INSTRUCTIONS FOR THE TASK>
Retype, word for word, each line between the lines holding "Mostly, if you" and "I hope you guys found", inclusive, and leave the rest of the data alone.

Dataset excerpts>
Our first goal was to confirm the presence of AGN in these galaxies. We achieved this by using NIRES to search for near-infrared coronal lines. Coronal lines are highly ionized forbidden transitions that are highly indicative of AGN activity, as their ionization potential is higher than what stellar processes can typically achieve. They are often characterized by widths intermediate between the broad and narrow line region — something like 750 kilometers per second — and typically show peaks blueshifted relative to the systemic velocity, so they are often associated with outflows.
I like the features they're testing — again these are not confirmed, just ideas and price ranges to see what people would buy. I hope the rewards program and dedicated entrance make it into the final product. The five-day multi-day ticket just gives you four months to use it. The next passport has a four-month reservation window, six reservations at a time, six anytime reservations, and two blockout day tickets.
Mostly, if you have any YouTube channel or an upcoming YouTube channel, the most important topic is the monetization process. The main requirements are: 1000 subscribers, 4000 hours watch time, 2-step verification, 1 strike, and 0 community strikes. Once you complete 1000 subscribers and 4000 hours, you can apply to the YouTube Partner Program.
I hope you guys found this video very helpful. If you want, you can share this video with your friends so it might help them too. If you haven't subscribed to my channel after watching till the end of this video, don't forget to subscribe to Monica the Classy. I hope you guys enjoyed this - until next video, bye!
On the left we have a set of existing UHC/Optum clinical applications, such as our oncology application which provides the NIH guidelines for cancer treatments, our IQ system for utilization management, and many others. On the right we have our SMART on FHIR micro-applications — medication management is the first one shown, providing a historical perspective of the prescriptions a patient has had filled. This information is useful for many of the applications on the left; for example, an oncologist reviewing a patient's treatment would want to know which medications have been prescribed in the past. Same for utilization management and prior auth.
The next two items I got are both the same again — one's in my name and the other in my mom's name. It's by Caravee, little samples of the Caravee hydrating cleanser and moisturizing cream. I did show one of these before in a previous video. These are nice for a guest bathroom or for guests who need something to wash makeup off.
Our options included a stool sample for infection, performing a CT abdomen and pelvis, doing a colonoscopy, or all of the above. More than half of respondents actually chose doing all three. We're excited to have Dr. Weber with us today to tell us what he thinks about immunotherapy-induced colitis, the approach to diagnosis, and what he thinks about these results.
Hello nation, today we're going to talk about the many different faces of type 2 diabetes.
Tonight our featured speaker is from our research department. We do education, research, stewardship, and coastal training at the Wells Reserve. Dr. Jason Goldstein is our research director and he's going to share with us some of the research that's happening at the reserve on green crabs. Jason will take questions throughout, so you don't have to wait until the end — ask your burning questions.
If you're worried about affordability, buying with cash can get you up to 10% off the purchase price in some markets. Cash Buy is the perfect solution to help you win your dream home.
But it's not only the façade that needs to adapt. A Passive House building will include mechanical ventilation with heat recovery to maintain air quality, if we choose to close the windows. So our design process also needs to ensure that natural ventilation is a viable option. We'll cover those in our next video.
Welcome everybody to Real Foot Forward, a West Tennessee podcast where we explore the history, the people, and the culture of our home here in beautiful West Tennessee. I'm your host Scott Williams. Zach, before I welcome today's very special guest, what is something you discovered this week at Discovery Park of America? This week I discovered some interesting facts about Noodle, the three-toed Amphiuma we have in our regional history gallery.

OUTPUT OF THE TASK>
Mostly, if you have any YouTube channel or an upcoming YouTube channel, the most important topic is the monetization process. The main requirements are: 1000 subscribers, 4000 hours watch time, 2-step verification, 1 strike, and 0 community strikes. Once you complete 1000 subscribers and 4000 hours, you can apply to the YouTube Partner Program.
I hope you guys found this video very helpful. If you want, you can share this video with your friends so it might help them too. If you haven't subscribed to my channel after watching till the end of this video, don't forget to subscribe to Monica the Classy. I hope you guys enjoyed this - until next video, bye!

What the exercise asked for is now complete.